Social media in subcontinent is really hard since the ARPU is really low compared to the cost required to sustain that scale. All the existing one prevail because most of their revenue comes from US + EU to balance out additional cost in resources.
Very unfortunate name for a company that wanted to expand in Brazil. In Portuguese, Koo is homophonous with the word for a**hole, so it's not a surprise it didn't stick.
Not to say it wasn't humorous though. People had a lot of fun talking about and asking others about their Koos.
For targeting Brazil it seems like they didn't do the basic marketing 101 check to see if that one syllable words is by chance something to stay away from in that target market.
> Not to say it wasn't humorous though. People had a lot of fun talking about and asking others about their Koos.
Probably helped with some initial hype with some people just to be able to joke about it. Is it a bit like Mastodon's "toots", I guess. It was funny for a bit, then it was just eye rolling.
> The natives of the planet appear human, with deceptively primitive-looking technology and a barbaric culture, which satirically resembles that of humans. They are telepathic; the only spoken words normally used in their culture are "ku" (koo) and "kyu" (kyoo), the former stands for everything good, the latter being a swear word that stands for every bad thing.
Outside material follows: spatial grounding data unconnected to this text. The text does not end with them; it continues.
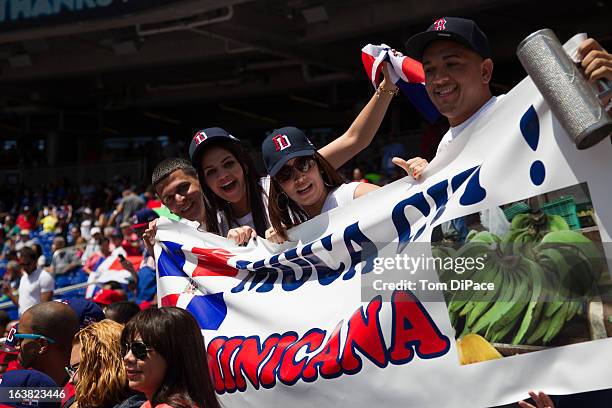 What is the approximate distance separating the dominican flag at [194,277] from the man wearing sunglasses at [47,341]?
48cm

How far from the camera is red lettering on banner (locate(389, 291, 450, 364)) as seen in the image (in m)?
2.98

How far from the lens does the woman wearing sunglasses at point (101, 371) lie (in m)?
2.98

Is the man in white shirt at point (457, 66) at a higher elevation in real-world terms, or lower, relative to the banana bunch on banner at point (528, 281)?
higher

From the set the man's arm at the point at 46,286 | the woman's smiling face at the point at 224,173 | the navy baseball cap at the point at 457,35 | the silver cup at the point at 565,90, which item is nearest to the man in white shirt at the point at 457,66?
the navy baseball cap at the point at 457,35

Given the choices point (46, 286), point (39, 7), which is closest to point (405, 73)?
point (46, 286)

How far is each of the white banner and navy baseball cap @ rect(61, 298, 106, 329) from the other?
0.47m

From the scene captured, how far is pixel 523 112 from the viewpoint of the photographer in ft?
9.73

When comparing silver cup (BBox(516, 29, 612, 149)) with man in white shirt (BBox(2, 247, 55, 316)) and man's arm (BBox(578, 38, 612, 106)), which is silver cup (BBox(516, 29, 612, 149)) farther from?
man in white shirt (BBox(2, 247, 55, 316))

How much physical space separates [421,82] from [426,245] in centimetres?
86

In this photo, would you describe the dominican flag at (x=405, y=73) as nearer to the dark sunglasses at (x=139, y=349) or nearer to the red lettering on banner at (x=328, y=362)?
the red lettering on banner at (x=328, y=362)

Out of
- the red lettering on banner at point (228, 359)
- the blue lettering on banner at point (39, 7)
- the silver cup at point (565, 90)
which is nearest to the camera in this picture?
the silver cup at point (565, 90)

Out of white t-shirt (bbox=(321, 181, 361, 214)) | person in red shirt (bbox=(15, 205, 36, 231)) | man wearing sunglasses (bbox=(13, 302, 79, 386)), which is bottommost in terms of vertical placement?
man wearing sunglasses (bbox=(13, 302, 79, 386))

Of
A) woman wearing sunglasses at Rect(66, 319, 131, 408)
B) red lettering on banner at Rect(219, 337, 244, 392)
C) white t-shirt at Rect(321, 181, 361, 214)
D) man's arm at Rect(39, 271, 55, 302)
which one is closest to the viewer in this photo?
woman wearing sunglasses at Rect(66, 319, 131, 408)

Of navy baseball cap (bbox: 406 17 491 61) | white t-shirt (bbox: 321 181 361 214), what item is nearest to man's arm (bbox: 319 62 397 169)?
white t-shirt (bbox: 321 181 361 214) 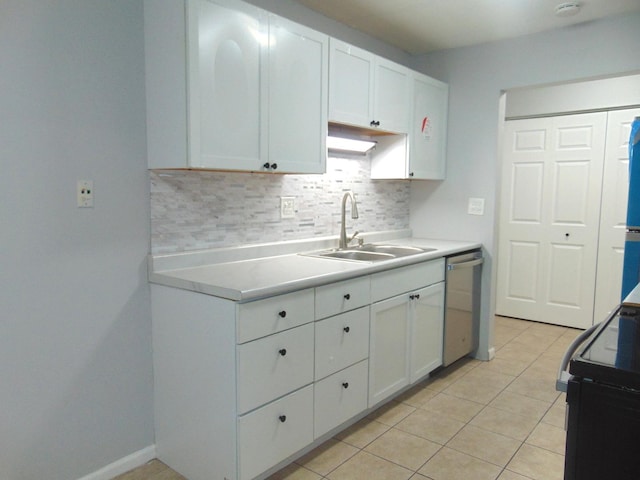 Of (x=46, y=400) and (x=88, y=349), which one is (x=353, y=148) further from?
(x=46, y=400)

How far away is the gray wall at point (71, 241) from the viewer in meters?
1.73

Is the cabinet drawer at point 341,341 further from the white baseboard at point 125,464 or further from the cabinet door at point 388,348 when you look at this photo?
the white baseboard at point 125,464

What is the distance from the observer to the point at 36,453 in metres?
1.83

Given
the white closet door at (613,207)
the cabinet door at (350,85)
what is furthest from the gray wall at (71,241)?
the white closet door at (613,207)

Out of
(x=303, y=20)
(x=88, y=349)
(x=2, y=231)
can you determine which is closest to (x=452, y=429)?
(x=88, y=349)

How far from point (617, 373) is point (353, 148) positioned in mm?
2286

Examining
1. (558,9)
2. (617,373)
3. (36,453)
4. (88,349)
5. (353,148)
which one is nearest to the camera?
(617,373)

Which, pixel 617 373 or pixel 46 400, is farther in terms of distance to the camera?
pixel 46 400

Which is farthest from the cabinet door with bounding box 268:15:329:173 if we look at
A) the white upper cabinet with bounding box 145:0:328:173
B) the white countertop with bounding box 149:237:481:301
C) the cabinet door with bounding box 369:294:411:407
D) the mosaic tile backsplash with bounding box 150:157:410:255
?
the cabinet door with bounding box 369:294:411:407

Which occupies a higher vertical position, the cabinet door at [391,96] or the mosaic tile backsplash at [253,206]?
the cabinet door at [391,96]

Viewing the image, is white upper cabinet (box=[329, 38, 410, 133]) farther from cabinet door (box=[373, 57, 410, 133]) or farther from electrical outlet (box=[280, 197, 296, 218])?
electrical outlet (box=[280, 197, 296, 218])

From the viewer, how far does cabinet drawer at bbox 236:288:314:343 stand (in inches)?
70.5

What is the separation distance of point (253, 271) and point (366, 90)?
4.44 feet

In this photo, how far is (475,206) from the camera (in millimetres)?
3582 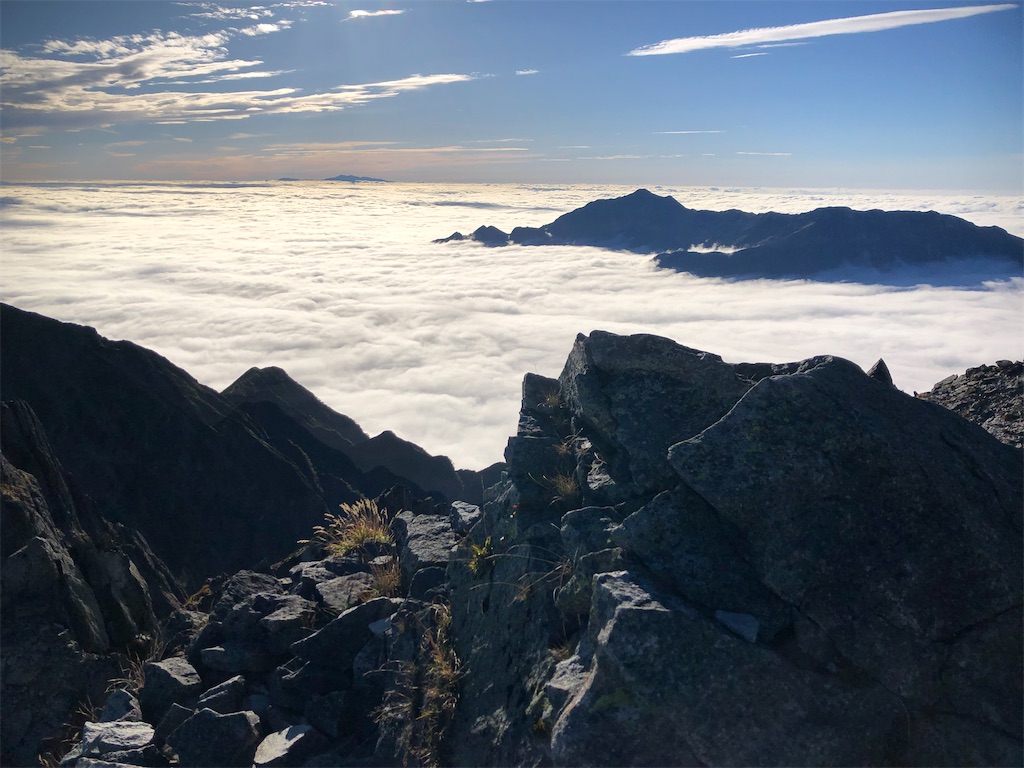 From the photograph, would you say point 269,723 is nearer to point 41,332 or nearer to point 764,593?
point 764,593

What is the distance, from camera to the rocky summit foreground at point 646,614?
14.3 feet

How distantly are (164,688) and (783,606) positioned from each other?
20.2 ft

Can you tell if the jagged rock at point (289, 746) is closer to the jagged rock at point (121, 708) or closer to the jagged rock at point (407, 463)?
the jagged rock at point (121, 708)

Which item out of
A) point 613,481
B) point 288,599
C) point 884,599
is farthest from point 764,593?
point 288,599

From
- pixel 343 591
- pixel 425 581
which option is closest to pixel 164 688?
pixel 343 591

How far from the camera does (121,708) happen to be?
7.02 m

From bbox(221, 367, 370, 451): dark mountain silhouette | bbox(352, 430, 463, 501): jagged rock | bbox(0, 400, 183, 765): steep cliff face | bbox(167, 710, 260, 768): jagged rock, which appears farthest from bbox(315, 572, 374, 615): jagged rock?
bbox(221, 367, 370, 451): dark mountain silhouette

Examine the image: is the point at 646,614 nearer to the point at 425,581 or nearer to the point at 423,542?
the point at 425,581

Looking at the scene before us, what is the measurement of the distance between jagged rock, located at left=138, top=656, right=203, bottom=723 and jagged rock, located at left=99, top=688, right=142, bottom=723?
9cm

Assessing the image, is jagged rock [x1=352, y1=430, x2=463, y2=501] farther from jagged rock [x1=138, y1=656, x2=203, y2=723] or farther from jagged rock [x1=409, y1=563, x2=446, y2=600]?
jagged rock [x1=138, y1=656, x2=203, y2=723]

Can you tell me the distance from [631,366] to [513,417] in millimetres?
109896

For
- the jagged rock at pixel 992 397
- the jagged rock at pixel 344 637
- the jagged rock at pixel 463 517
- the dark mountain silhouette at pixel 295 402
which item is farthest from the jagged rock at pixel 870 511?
the dark mountain silhouette at pixel 295 402

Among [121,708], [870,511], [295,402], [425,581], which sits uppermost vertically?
[870,511]

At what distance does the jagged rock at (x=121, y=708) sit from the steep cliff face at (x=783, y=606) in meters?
3.55
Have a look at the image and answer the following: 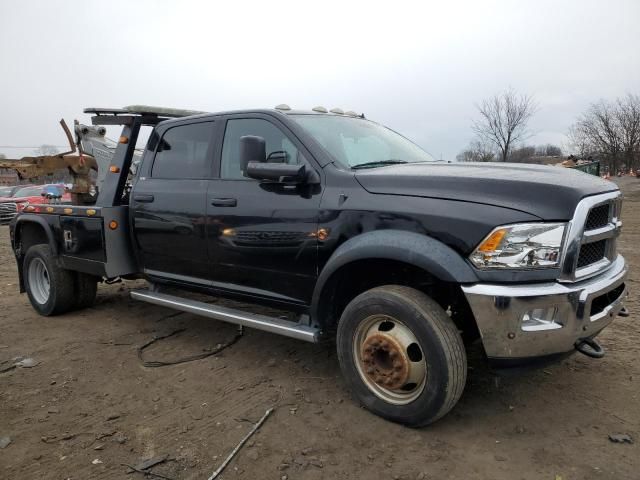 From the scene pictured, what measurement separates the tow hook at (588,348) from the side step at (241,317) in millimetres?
1551

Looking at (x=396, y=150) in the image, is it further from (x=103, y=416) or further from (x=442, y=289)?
(x=103, y=416)

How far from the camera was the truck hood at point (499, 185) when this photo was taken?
2.56m

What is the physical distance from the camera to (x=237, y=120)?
3.89 metres

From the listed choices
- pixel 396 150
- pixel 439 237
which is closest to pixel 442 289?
pixel 439 237

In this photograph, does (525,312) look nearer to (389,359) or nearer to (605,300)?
(605,300)

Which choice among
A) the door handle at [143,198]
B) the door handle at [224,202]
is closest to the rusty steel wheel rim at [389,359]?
the door handle at [224,202]

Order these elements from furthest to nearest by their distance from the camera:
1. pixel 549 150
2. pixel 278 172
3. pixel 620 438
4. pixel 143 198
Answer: pixel 549 150 → pixel 143 198 → pixel 278 172 → pixel 620 438

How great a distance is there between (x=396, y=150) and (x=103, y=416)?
2.88 metres

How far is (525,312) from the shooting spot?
2.49 m

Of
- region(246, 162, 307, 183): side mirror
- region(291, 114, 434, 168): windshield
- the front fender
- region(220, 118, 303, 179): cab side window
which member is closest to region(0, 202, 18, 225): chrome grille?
region(220, 118, 303, 179): cab side window

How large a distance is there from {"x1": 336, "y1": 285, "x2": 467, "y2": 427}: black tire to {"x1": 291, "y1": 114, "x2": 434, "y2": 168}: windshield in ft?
3.32

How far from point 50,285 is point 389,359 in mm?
4098

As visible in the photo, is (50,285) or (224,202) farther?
(50,285)

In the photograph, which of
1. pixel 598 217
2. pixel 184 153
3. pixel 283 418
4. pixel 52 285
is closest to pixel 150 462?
pixel 283 418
Koo was started as a response to X/Twitter because the Indian R/W ecosystem couldn't stand the fact that Musk spoke against the rampant and one-sided censorship requests that Twitter was receiving from the Indian govt.
After koo was announced many of the supporters of India's R/W central govt switched over to Koo boosting its numbers.. but as with Meta's Threads, it was inevitable that the platform would lose its shine quickly
The biggest boost for the platform, however, came from the standoff between India’s ruling party and X. The latter was caught in a tough spot in early 2021, when it refused to give in to the government’s requests to remove certain posts and accounts that were critical of the Modi government.
Some businesses are good for regulatory arbitrage. Others are good businesses but you can use regulatory arbitrage to get a foothold. This was neither.
The arb was that they had advantages as a local firm willing to play in the niche of providing local governments an advantage. But that's not enough to provide a social network.
Not saying that what they did is not commendable (in my mind even if you get more than 10 users, your app/site is already great), but ultimately it was a copy. There was nothing original as such. Just an app with Indianised version of a bird sound won't work in the long haul right ?
Also their user base gain was because of controversies, you bring controversial public, they're gonna want that sort of environment.
One more thing worked for them was Nationalism, Indian platform, for Indians, by the Indians type of thing. That also will only take you so far.
I still like the app, it's just that, it's not going to be the "Big thing" that they promised their investors.
I don't know much about large scale projects, but wouldn't hosting videos become a huge cost in a project like this? Many social medias didn't have video support until they were huge. In fact, I think Plurk still doesn't support it, even though it has existed for 16 years.
But the other day I learned about this "TikTok" thing that is video-centric, and that there is a clone called Kwai, which is also video-centric, and that everyone seems to want a platform to share videos for some reason.
It was just a place for RWingers of India. Even that could be an interesting place. But it wasn’t.
I tried reading Koo once or twice, and I wasn’t interested in anything.
I don't have any preemptive beef against Commies or Indian RW or whoever, but that platform had more saffron color than the BJP party office. Saffron border, bland white background, and saffron checkmarks for verified accounts. Total UI design hell.
People are out of ideas. Twitter but for India. Twitter but not owned Elon Musk. Twitter but integrated with substack. Twitter but federated. Twitter but decentralized. Will any of these do better? Possibly the last two, if someone builts an innovative user experience on top of them.
Where email only has inboxes and messages, ActivityPub also has HTTP-esque verbs. (Email can do everything ActivityPub can, in principle, but it has to send emails to do so. When an ActivityPub verb isn't understood, it's ignored, whereas when an email message isn't understood, it's presented to the user.)
Many twitter clones are almost pixel perfect. Twitter started with SMS support, and added many other unique things like @ mentions, threads that worked on mobile and the way you would see conversations between people if you followed both of them.
What? Bluesky is Twitter with decentralization, yes, but so what? And Threads us a full, separate app, not just a page in Instagram (if that's what you mean)
Surely twitter's value isn't in its revenue.... you can make a lot more money openly manipulating public opinion in a socially acceptable manner. See: why rich people buy newspapers.
Someone is still stuck owning the companies. There seems to be some inertia there. Our Benefactors don't always shut down a company the moment it becomes unprofitable, when it took 15 years to get to the position it's in today. If the tide reverses and the company becomes profitable again, they're not waiting another 15 years to restart it, if that's even possible.